No Pollock boat in their right mind intentionally drags the bottom and tears up the gear every tow except maybe some factory trawlers. The catcher boats dont do that unless the captain is retarded
So are you saying the information presented in the podcast where the midwater nets are dragging bottom pretty regularly is incorrect? The number was 20% to xxx% of the time if I recall correctly? If they don't drag bottom how are they pulling up tons of bottom bycatch if they never drag bottom or is that info incorrect as well?
 
Thanks for sharing. I will have to give this a watch/listen. I spent a summer working as an observer on these rigs. The majority of my time was on a "mid size" (giant to me) trawler, targeting pollock. It was an incredibly "clean" fishery from what I observed. That was probably the most boring ship I was on as my job was literally to sample each haul and record the bycatch and take otoliths from the fish. This would have been 2010, so I may be forgetting, but in the thousands of fish I sampled I don't recall hardly ever recording any bycatch - just an unfathomable amount of pollock.
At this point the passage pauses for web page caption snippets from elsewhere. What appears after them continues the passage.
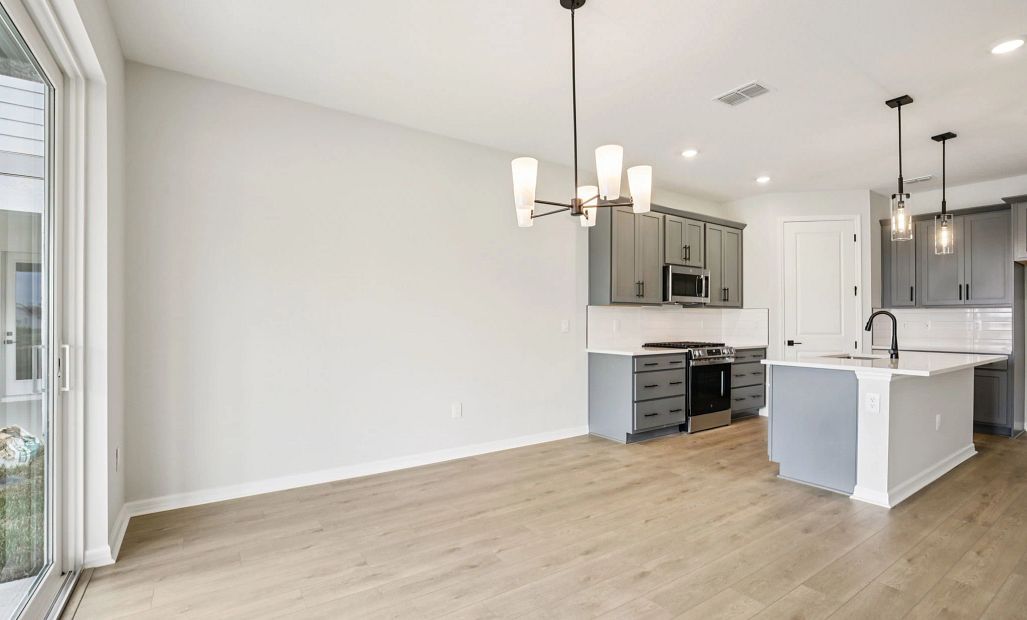 Dining space right off the kitchen ideal for entertaining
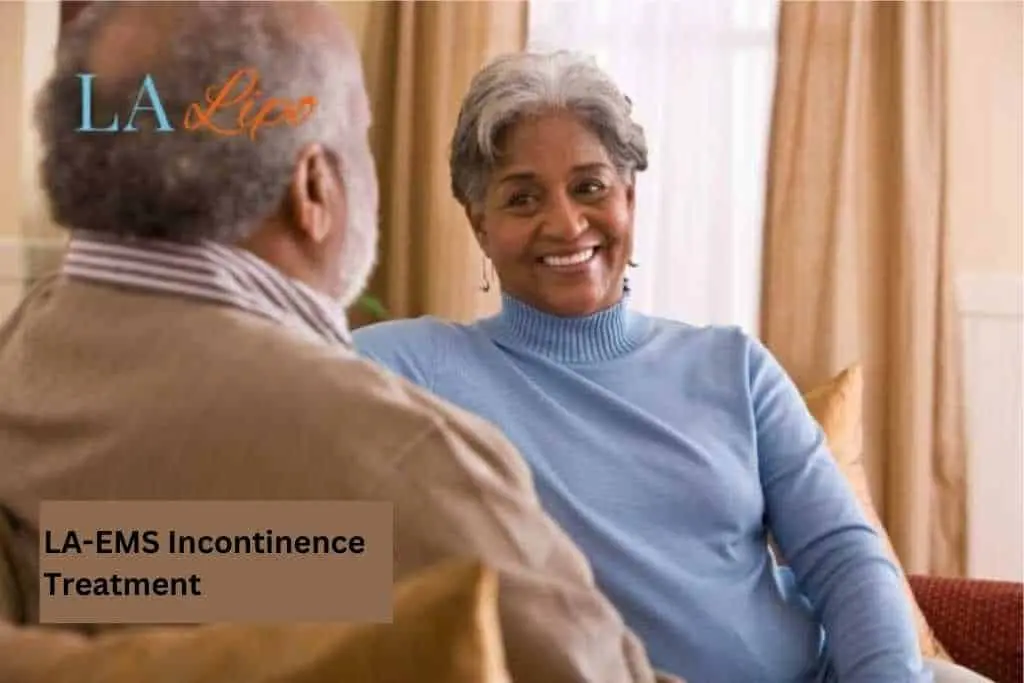 Couple sat smiling at each other - LA-EMS treatment Somerset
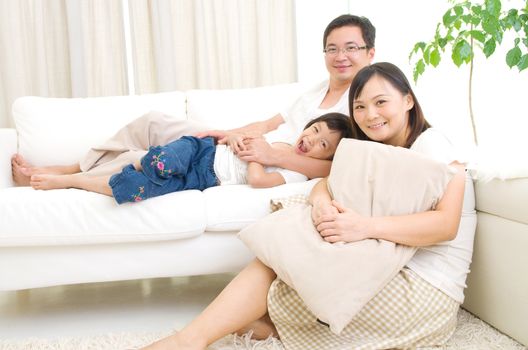 Indoor portrait of asian family
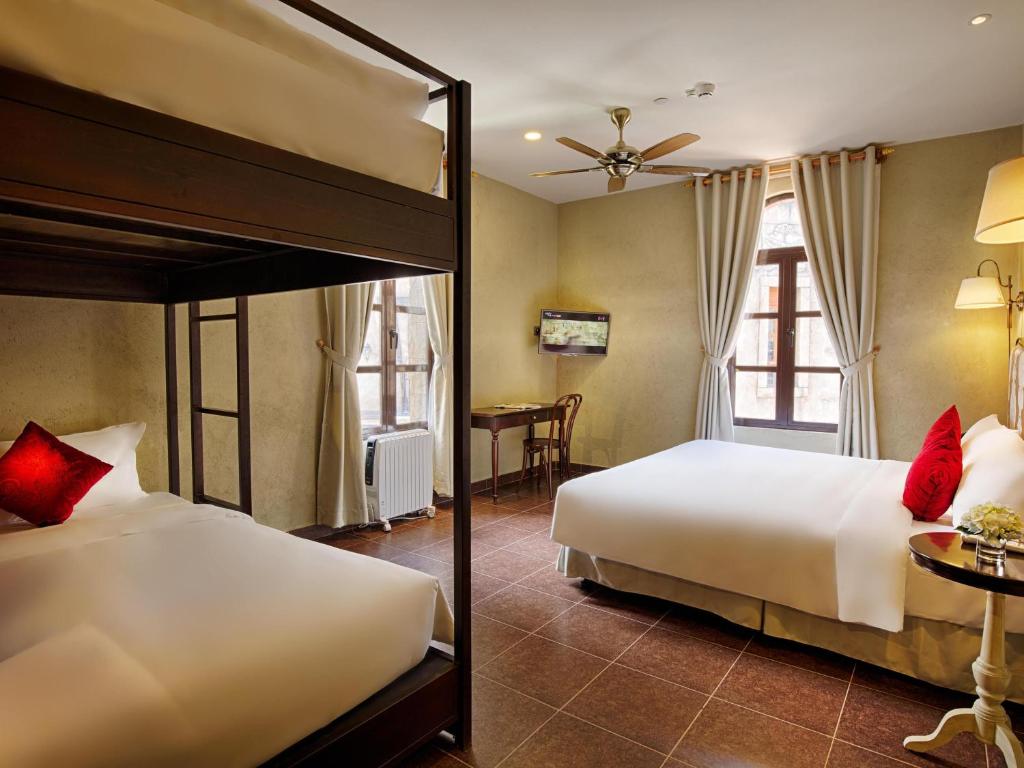 Family Deluxe Room with One King Bed and One Single Bed
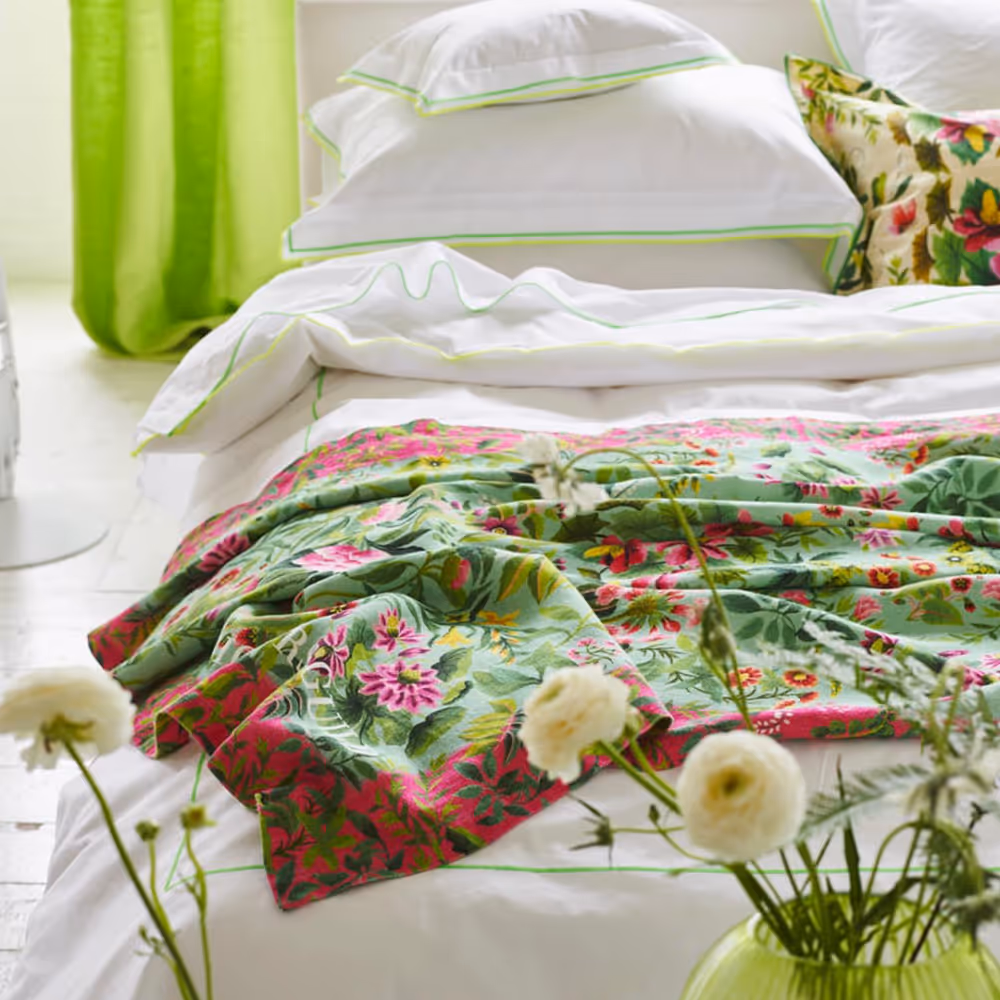A bed with natural linen bedding in a floral design in greens and pinks.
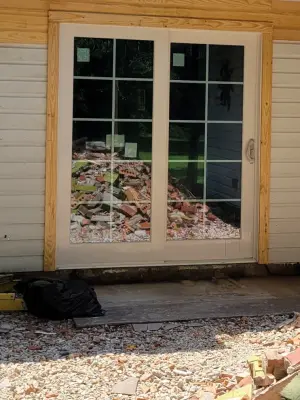 Removed fireplace and installed French doors by A & T Designs And Remodel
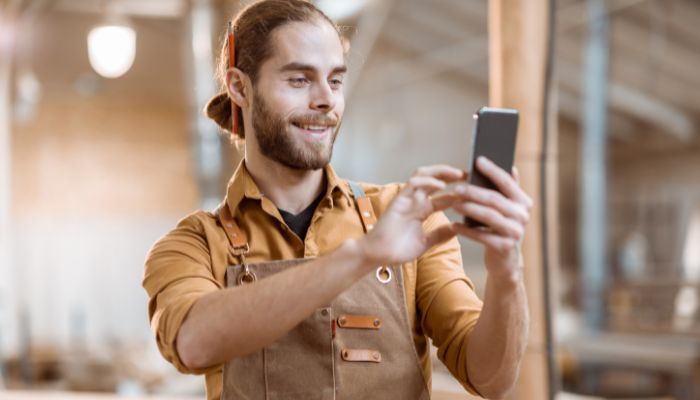 Eine lächelnde Person mit Bart und zurückgebundenen langen Haaren, die eine braune Schürze und ein senffarbenes Hemd trägt, benutzt ein Smartphone in einer hellen, industriellen Werkstatt - ein Beispiel dafür, wie Handwerksbetriebe Social Media nutzen, um sich als attraktive Arbeitgeber zu präsentieren.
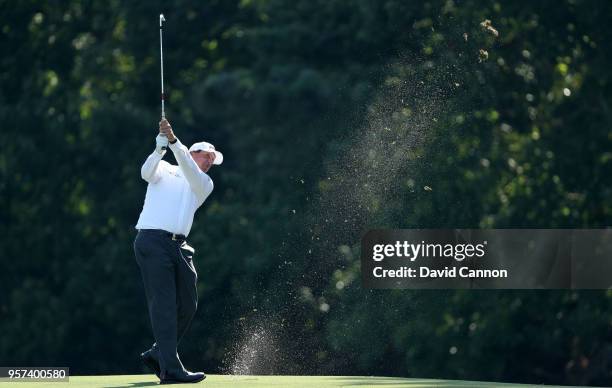 Phil Mickelson of the United States plays his second shot on the par 4, 14th hole during the second round of the THE PLAYERS Championship on the...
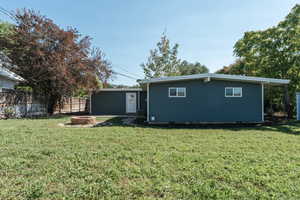 Back of property with a fire pit and a lawn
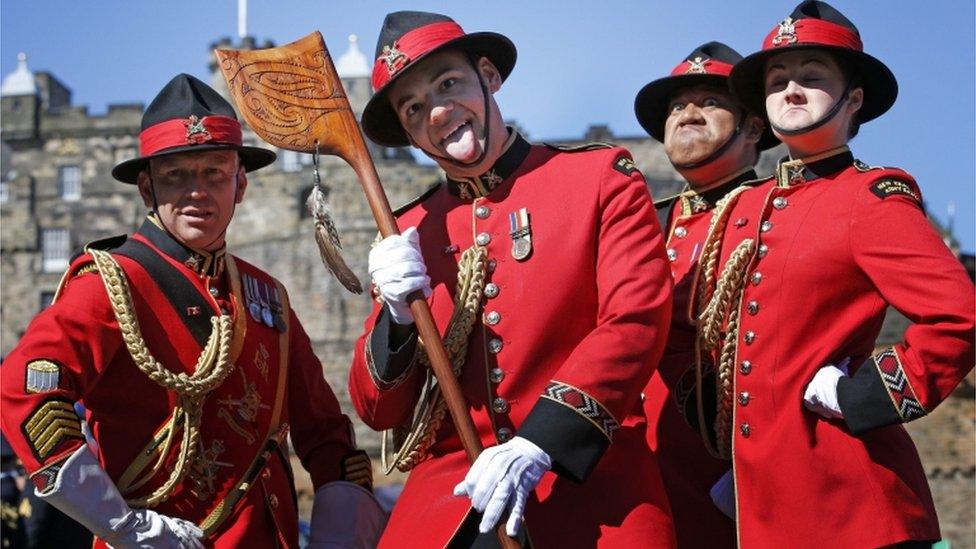 Members of the New Zealand Army band perform the Haka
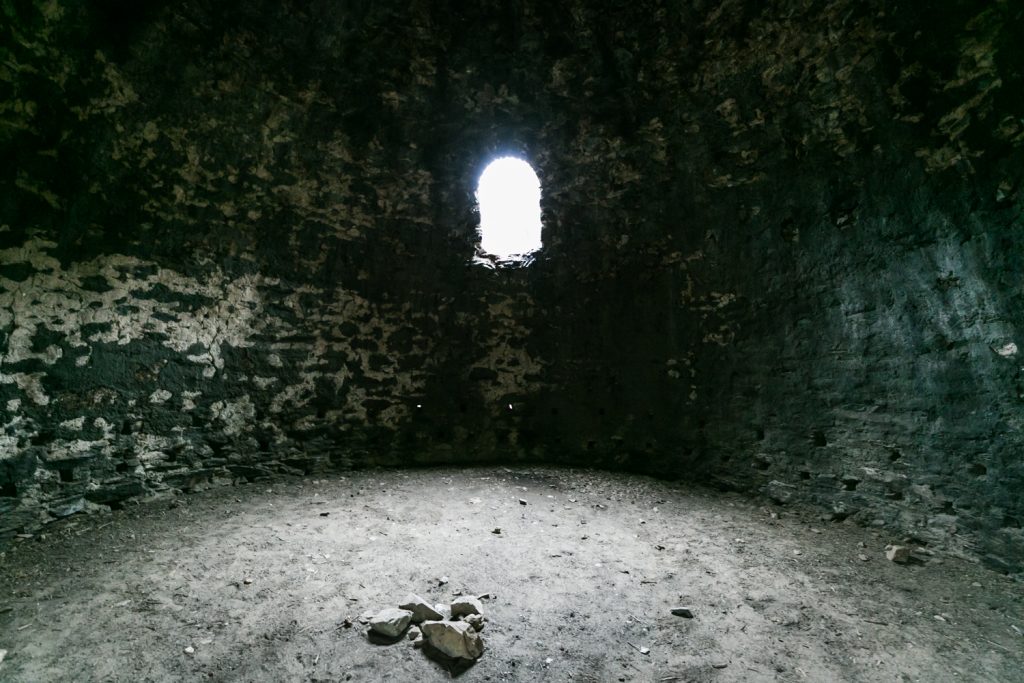 Small window shining light on rocks inside the Charcoal Kilns, Death Valley National Park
It was certainly a modern marvel to me coming from Ohio and seeing literally school bus loads of pollock brought out of the great ocean, haul after haul, after haul. I will say there is certainly a bit of an art to it, if the seafloor was exactly level then things would certainly be easier. Rough seas I believe contribute to it as well. I do remember "scraping" bottom a couple times, both with roughish seas, one instance resulting in them "catching" a forklift (presumably fell off a cargo ship?) and it was a life and death situation getting that thing cut out of the codend, I was nearly certain I was going to watch one of the fisherman fall overboard as they could not get it up on the ship and had to cut it free while it hung over the stern in uncalm seas - absolutely crazy to me. The other instance I believe they were just above the floor as there were the biggest king crabs I've ever seen clinging to the OUTSIDE of the codend when they brought it up. So just as @fisherman983 said, the pollock trawler I was on was never intentionally dragging the bottom. To what extent it happens and specifically the impacts other fisheries besides pollock are likely having with regards to bycatch is a discussion worth having. I do believe the pollock trawler fishery was sustainable (presuming other pollock captains operated the same way the one I was with did) at the time and as heavily as NOAA/NMFS was involved would sure hope that hasn't changed.